## To do
If a line of the data below holds the string "Chevrolet", copy it.

## Records to process
== Segment start ==

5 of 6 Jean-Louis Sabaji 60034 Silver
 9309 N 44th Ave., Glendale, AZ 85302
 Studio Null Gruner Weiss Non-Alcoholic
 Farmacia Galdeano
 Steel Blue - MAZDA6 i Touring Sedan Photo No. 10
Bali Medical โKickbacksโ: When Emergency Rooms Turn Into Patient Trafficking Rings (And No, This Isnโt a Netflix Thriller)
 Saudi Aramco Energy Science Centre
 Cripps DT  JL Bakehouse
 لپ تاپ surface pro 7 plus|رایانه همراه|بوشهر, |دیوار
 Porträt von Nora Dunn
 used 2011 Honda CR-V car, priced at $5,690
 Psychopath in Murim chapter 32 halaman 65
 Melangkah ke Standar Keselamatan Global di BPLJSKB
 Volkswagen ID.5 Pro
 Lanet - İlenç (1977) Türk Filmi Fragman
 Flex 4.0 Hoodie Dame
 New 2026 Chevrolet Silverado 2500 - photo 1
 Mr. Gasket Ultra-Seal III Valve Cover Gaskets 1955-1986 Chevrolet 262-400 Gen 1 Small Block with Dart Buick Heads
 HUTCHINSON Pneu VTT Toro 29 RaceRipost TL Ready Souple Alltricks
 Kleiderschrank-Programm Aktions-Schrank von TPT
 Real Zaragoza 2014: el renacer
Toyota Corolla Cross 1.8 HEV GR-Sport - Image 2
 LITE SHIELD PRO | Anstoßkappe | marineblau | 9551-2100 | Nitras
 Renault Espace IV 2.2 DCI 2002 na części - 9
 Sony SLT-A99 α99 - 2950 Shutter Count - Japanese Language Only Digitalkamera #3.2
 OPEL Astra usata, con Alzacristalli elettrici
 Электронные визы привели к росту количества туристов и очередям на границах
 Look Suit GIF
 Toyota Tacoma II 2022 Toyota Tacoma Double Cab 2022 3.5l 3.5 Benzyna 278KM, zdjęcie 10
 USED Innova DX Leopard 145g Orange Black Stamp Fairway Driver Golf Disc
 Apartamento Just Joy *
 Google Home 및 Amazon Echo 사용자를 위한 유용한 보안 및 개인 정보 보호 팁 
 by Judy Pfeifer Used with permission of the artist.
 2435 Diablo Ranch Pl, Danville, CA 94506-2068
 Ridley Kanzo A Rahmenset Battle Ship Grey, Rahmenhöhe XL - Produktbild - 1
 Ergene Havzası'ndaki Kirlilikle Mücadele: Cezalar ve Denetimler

== Segment end ==

## Solution for this task
 New 2026 Chevrolet Silverado 2500 - photo 1
 Mr. Gasket Ultra-Seal III Valve Cover Gaskets 1955-1986 Chevrolet 262-400 Gen 1 Small Block with Dart Buick Heads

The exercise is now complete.